=== Section Start ===
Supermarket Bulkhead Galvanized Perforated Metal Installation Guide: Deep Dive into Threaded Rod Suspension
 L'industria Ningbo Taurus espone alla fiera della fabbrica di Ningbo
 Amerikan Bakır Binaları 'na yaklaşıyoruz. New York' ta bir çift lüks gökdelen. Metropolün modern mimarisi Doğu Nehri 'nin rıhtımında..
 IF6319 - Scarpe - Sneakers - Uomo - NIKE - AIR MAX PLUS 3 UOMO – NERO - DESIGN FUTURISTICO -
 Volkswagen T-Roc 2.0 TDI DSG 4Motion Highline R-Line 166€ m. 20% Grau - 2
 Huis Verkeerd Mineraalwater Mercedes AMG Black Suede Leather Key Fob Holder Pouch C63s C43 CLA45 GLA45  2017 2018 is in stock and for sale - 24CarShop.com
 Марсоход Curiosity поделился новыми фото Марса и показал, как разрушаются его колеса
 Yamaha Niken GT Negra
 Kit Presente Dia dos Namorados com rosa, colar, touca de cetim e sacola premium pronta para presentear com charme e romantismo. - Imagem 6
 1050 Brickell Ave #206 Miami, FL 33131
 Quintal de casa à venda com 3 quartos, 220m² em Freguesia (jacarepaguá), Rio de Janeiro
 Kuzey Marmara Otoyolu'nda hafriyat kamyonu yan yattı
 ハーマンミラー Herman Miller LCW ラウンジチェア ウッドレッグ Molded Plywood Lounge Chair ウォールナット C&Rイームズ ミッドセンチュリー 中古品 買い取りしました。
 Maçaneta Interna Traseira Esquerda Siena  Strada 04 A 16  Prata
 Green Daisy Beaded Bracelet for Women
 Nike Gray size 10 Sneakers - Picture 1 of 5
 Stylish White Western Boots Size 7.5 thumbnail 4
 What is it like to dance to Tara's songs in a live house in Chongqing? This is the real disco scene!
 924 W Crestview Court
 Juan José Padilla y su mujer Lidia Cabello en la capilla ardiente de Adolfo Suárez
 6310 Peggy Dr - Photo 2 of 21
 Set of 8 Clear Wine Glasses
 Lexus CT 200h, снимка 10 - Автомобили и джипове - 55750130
=== Section End ===
# Instructions for the task
Each line from the one that contains "What is it like" to the end of the data should be set down exactly, both ends included.

# Result of this task
 What is it like to dance to Tara's songs in a live house in Chongqing? This is the real disco scene!
 924 W Crestview Court
 Juan José Padilla y su mujer Lidia Cabello en la capilla ardiente de Adolfo Suárez
 6310 Peggy Dr - Photo 2 of 21
 Set of 8 Clear Wine Glasses
 Lexus CT 200h, снимка 10 - Автомобили и джипове - 55750130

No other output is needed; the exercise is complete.